The Dalai Lama teaches that compassion is at the heart of the Dharma, and, in his words from his book " The Four Noble Truths" , he says that "it is on the basis of profound compassion that we develop the altruistic aspiration to seek enlightenment for the benefit of all". This shows the strong influence of the Mahayana path in Tibet and the desire to help others on their spiritual quest.


Milarepa of Tibet


Tibet’s history is rich with many varied and inspired monks and lamas, and each has their own unique story. One of the interesting Buddhists teachers was a man called Milarepa, who was born in 1040 and died at the age of 83. Although never ordained as a monk, he pursued a spiritual path in life, and was a prolific writer of poems and songs. His work is still widely read today and can be easily found on the Internet where the following words of Milarepa were located:

"I have understood this body of mine to be the product of ignorance, composed of flesh and blood and lit up by the perceptive power of consciousness. To those fortunate ones who long for emancipation it may be the great vessel by which they may procure Freedom.

But to the unfortunates who only sin, it may be the guide to lower and miserable states of existence. This, our life, is the boundary mark whence one may take an upward or downward path. Our present time is a most precious time, wherein each of us must decide, in one way or other, for lasting good or lasting evil."

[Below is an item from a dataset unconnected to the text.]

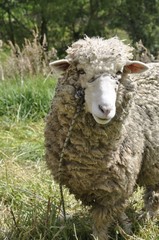 ovejas, lana, animal, campo, boyaca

His Holiness Sakya Trizin on an Australian visit.

His Holiness Sakya Trizin on an Australian visit.

Milarepa studied under Marpa, the founder of the Kagyu school, one of the four main schools of Tibetan Buddhism, which are called Nyingma, Kagyu, Sakya and Gelug (sometimes called Geluk). The Dalai Lama is the spiritual leader of the Gelug-pa (pa means school), and Sakya Trizin is the current spiritual leader of the Sakya tradition.

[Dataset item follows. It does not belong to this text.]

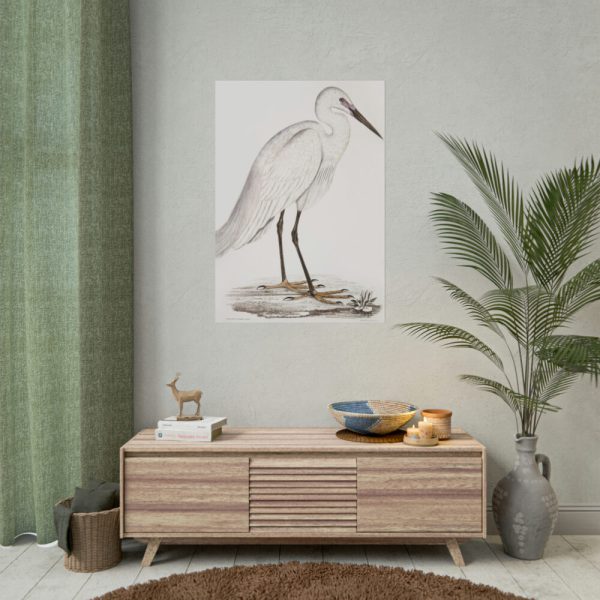 92410-53.jpg Indian White Heron by John Edward Gray Poster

From Tibet, the Vajrayanan Buddhism spread into Mongolia, Siberia, Nepal, and the kingdom of Bhutan. Bhutan is country which is ruled by a young king who has embraced a strategy of ecomonic development in partnership with conservation and care of the environment along strong Buddhist guidelines. Today, Bhutan still has over 70% of its virgin forests, and is being studied on a global level for the wealth of the vast plant gene pool.

Today, the four main schools of Tibetan Buddhism are all alive and active and have spread their influence around the globe. Monasteries with senior monks from Tibet are found in many Western countries and you may find details on some of these on the Internet as they develop their philosophy using tools of the technological age.